Não é nova a ideia de modificar mosquitos transmissores de moléstias como dengue e malária para que parem de fazê-lo e, assim, possibilitar o controle dessas doenças. No Brasil, por exemplo, Margareth de Lara Capurro pesquisou mosquitos anofelinos transgênicos para combater malária.
Agora, na Austrália, pesquisadores se preparam para testar uma bactéria excêntrica na luta contra a dengue, sem lançar mão de controversas modificações genéticas. Eles contam com ajuda de pelo menos um brasileiro, Luciano Moreira, do Instituto de Pesquisas René Rachou (MG), da Fiocruz (se você é assinante, leia aqui reportagem de Reinaldo José Lopes na Folha sobre a pesquisa, publicada um ano atrás).
A proposta é tornar os insetos resistentes ao parasita causador da doença. No caso da dengue, um flavivírus; no da malária, micro-organismos do gênero Plasmodium. Se o corpo do mosquito se torna um ambiente inóspito para o agente, a doença fica sem vetor e a transmissão se interrompe.
A bactéria alistada na Austrália se chama Wolbachia pipientis. De início, explica reportagem de Martin Enserink no periódico "Science", a ideia era empregá-la para contrabandear para dentro do mosquito genes que o tornasse refratário ao vírus.
Aí se descobriu que a mera infecção do inseto pela bactéria de tipo normal, tal como encontrada na natureza, fazia emergir nele resistência à partícula viral. Ficou desnecessário recorrer a genes estranhos. De veículo portador de armamento, a Wolbachia passou a ser vista pelos estudiosos como a própria arma capaz de decidir a guerra.
Apesar de microscópica, a bactéria tem lá suas semelhanças com uma bomba atômica. Ela infecta mais ou menos metade de todas as espécies de insetos existentes na Terra. E possui uma capacidade incrível de se espalhar pela população desses artrópodes.

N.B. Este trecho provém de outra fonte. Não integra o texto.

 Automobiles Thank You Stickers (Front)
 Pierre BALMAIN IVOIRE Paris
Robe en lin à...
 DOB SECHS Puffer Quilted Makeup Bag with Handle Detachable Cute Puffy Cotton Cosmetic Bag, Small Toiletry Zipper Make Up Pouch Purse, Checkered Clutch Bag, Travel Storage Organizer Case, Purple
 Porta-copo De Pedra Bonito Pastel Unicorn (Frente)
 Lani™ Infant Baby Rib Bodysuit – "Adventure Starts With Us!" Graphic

É a candidata ideal para atingir o número astronômico de mosquitos chupadores de sangue que há por aí, como pode experimentar qualquer paulistano na própria pele. O micróbio passa de uma geração para outro pegando carona nos ovos dos insetos. Em outras palavras, toda a prole de uma fêmea infectada carrega a sua Wolbachia. Uma vez introduzida na espécie, não demora em se tornar onipresente.
O problema é que a Wolbachia não está presente em populações naturais de anofelinos (malária) nem de Aedes aegypti, que transmite a dengue. O grupo de Scott O'Neill com que Luciano Moreira colaborou, na Universidade de Queensland (Austrália), conseguiu introduzir a bactéria no mosquito, injetando-a em seus embriões.

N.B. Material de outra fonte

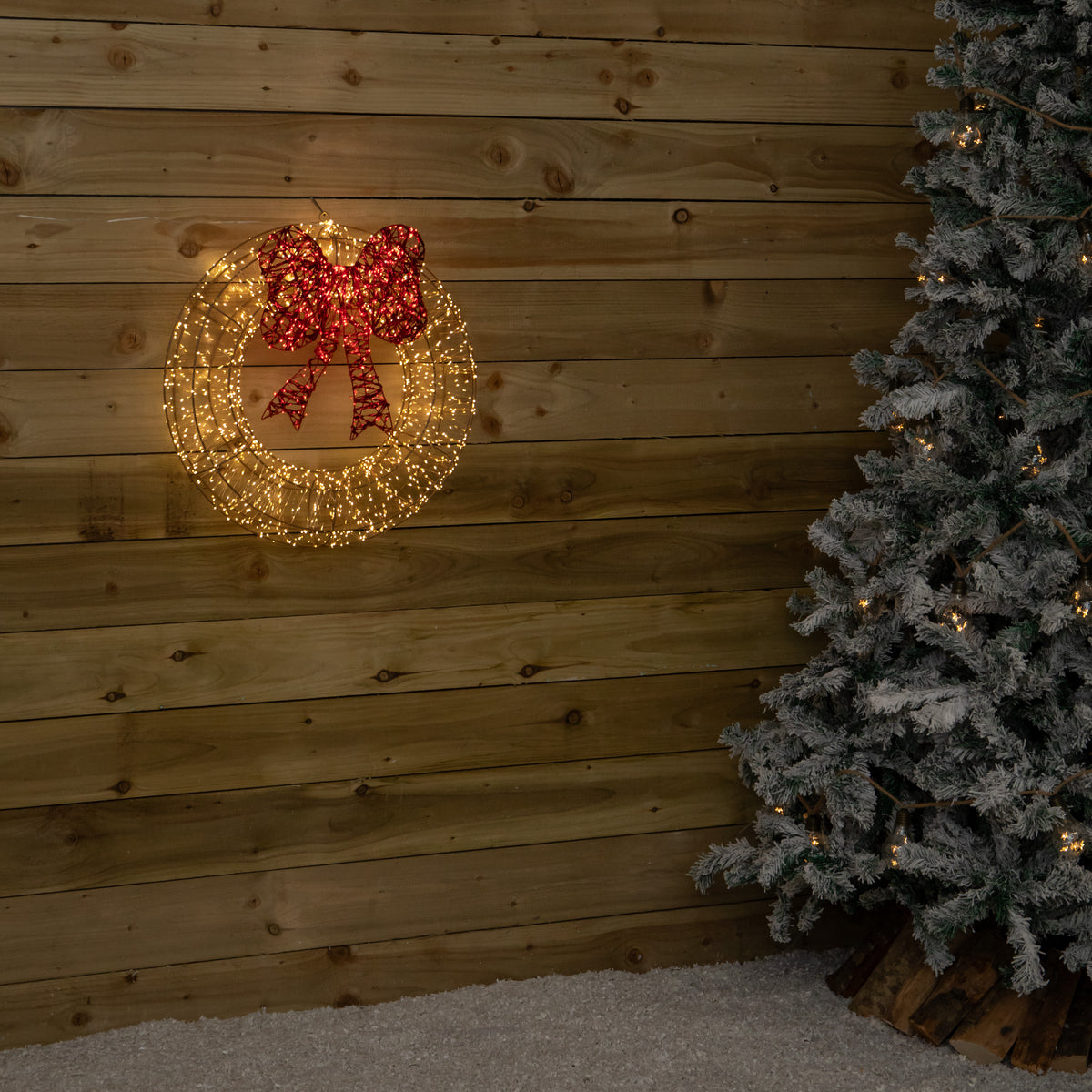 60cm Light Up Christmas Wreath with 2000 Warm White & Red LEDs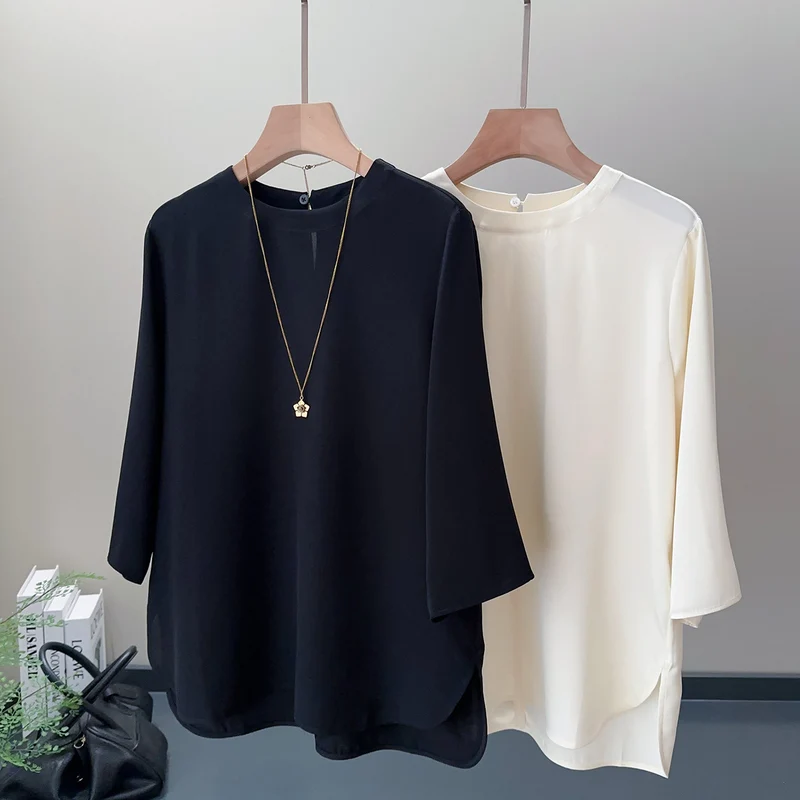 Damen Elegante und luftige Bluse mit drei Viertel-Ärmeln Nord Taschen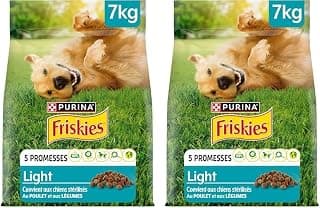 FRISKIES Croquettes Chien Light Adulte Poulet Légumes Croquettes allégées au Poulet pour Chien en surpoids 7KG (Lot de 2)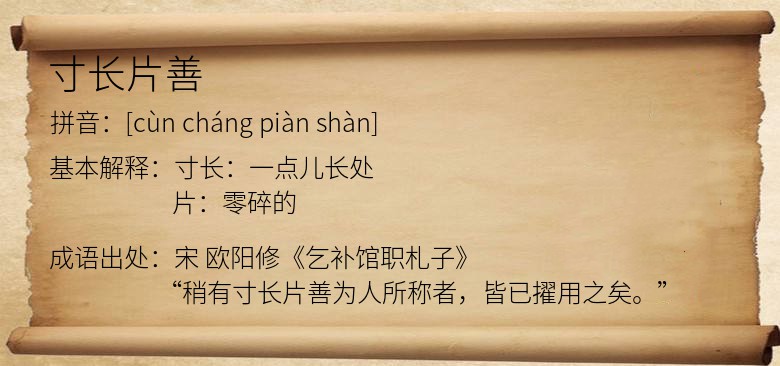 寸长片善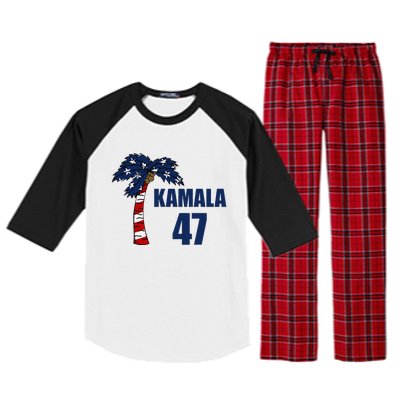 Coconut Tree Kamala 47 Usa Flag Raglan Sleeve Pajama Set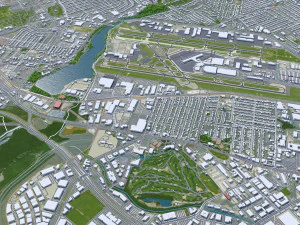 Dallas city Texas 60km 3D Model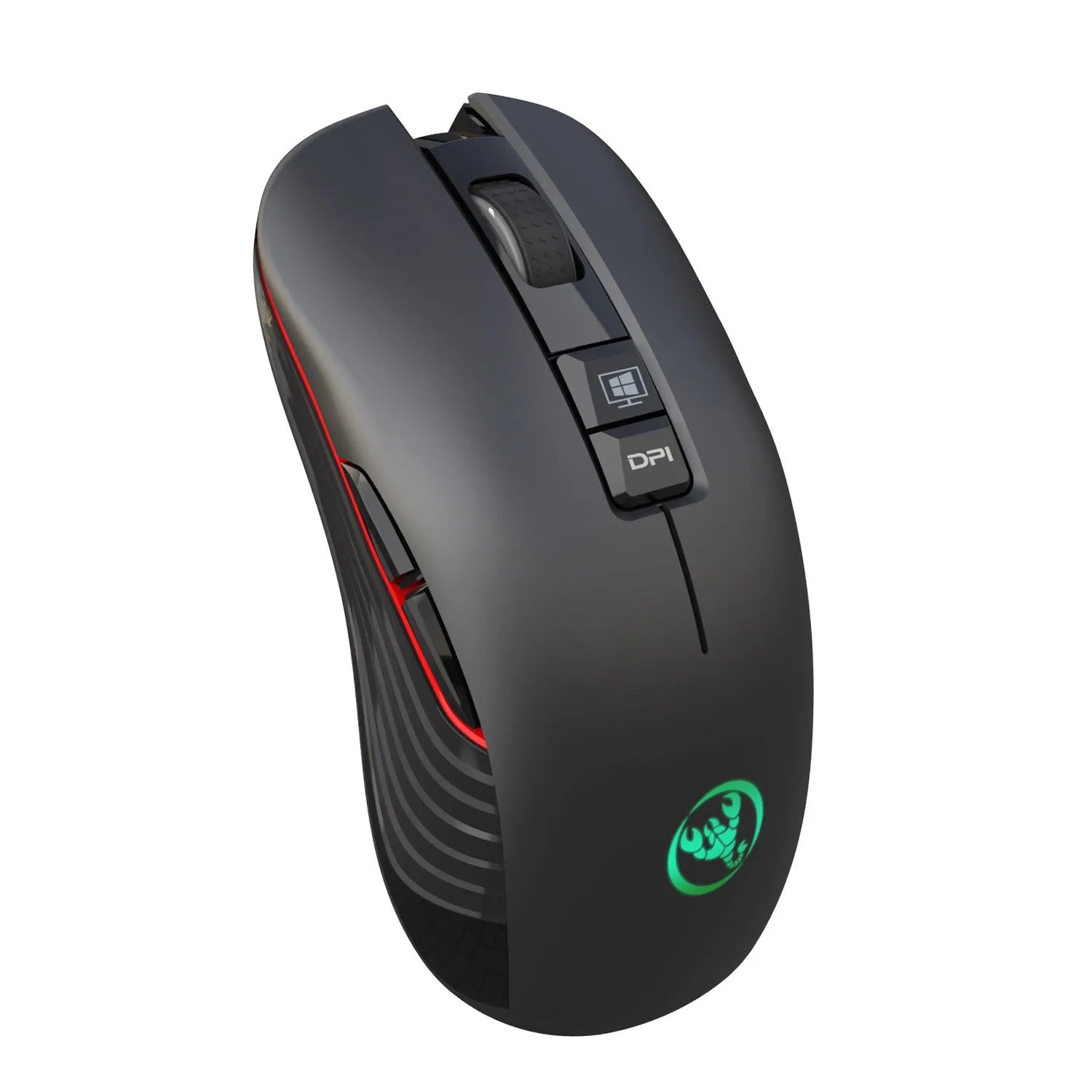 Black wireless gaming mouse with seven colour breathing lights showing adjustable DPI buttons and ergonomic shape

Sua proposta agora é liberar mosquitos infectados e resistentes ao vírus da dengue em duas localidades da região tropical australiana, onde a dengue está presente. Seriam em princípio dez insetos por semana para cada domicílio, por 12 semanas seguidas.
O'Neill acha que a infecção se espalhará na velocidade de 10 km/ano, mas precisa ter certeza disso para calibrar o tamanho da esquadrilha antidengue. O passo seguinte, segundo seu planejamento, seria conseguir permissão do Vietnã e da Tailândia para experimentos de maior escala.